The immediate release of a television journalist in a Kyrgyz prison was called for by Internews, an international NGO promoting press freedom worldwide, on 20 July. The group says Samagan Orozaliev, jailed in the southern city of Jalal-Abad, is being held on false grounds. "This is a completely fabricated case," Internews Country Director Christoph Schuepp told IRIN in the Kyrgyz capital, Bishkek. "Such incidents prove that in this country some people are above the law and, unfortunately, journalists are increasingly becoming the targets of such individuals." Kyrgyzstan was a difficult country for journalists to operate in freely, and this was just another example of that, he added. According to the US-based group, Orozaliev was arrested on 28 May after police officials found US $300 in his clothing, money that he had allegedly received after blackmailing a local politician/businessman in Jalal-Abad. The journalist claims he was framed.

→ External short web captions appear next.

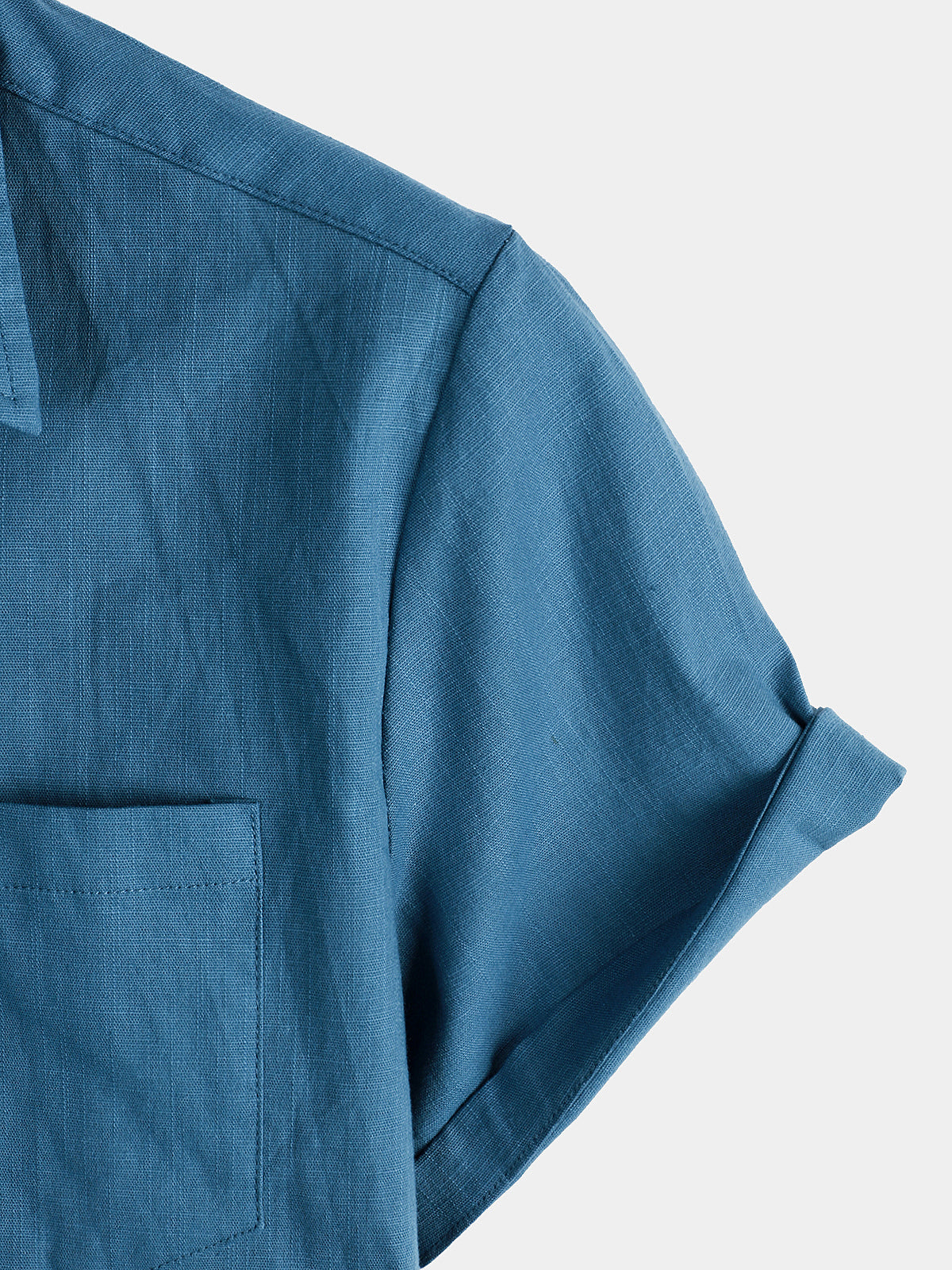 Camisa de color sólido de lino de algodón Pocket casual de manga corta para hombre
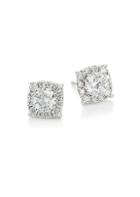 Hearts On Fire Hof Classics 18k White Gold, Round Diamond & Crystal Custom Halo Stud Earrings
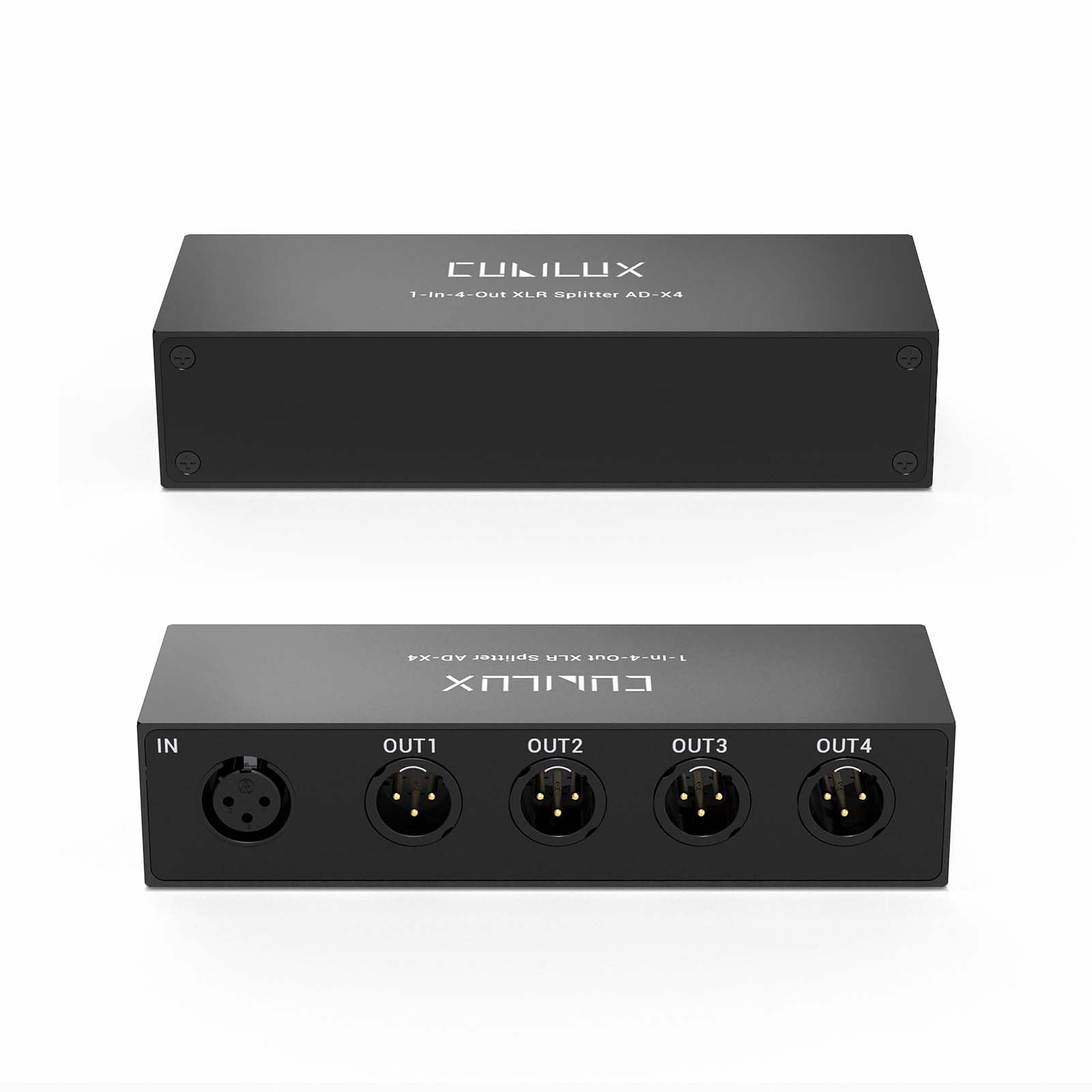 Cubilux 1 in 4 Out XLR Splitter, passiver 3 Pin Verteiler (1 Female auf 4 Male), symmetrischer Mono Distributor aus Aluminium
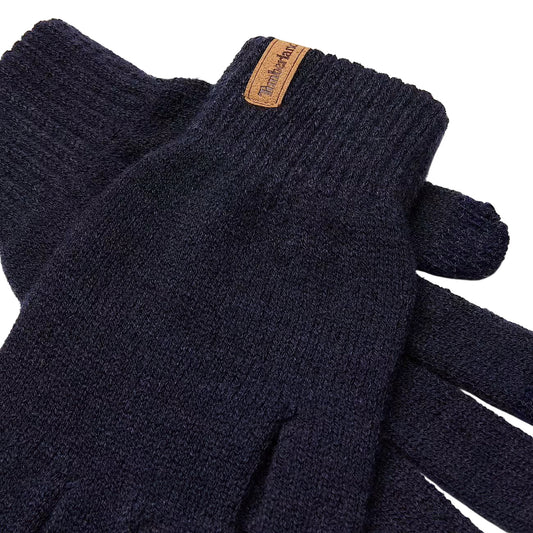 Guanti Unisex in maglia a coste Blu scuro dettaglio ravvicinato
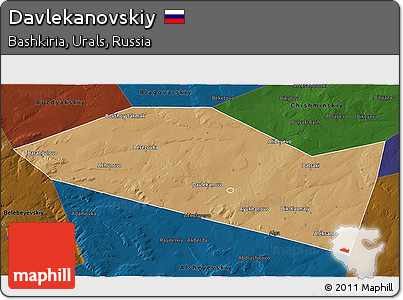 Political 3D Map of Davlekanovskiy, darken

UZBEKISTAN: Women appeal for release of relatives

Hundreds of women in Uzbekistan have appealed to Uzbek President Islam Karimov to free relatives jailed for belonging to an outlawed religious organisation, a human rights group said on Tuesday, as quoted in an AFP report. Some 420 women from the Ferghana Valley appealed under an amnesty marking the republic's 10th anniversary of independence. According to the report, a leading Uzbek human rights group said the women acted after their spouses were sentenced to harsh terms for allegedly belonging to the religious Hizbut Tahrir (Liberation Party). In an earlier IRIN interview, Mikhail Ardzinov, the chairman of the Independent Human Rights Organisation of Uzbekistan, said over 7,000 people had been imprisoned in the country for their religious beliefs. This is the latest protest by women against the alleged harsh treatment which, according to human rights organisations, has been targeting followers of non-registered religious groups. [For full details of the interview with Ardzinov see: http://www.reliefweb.int/IRIN/asia/countrystories/uzbekistan/20010531.phtml]

Islamabad, 26 July 2001

[ENDS]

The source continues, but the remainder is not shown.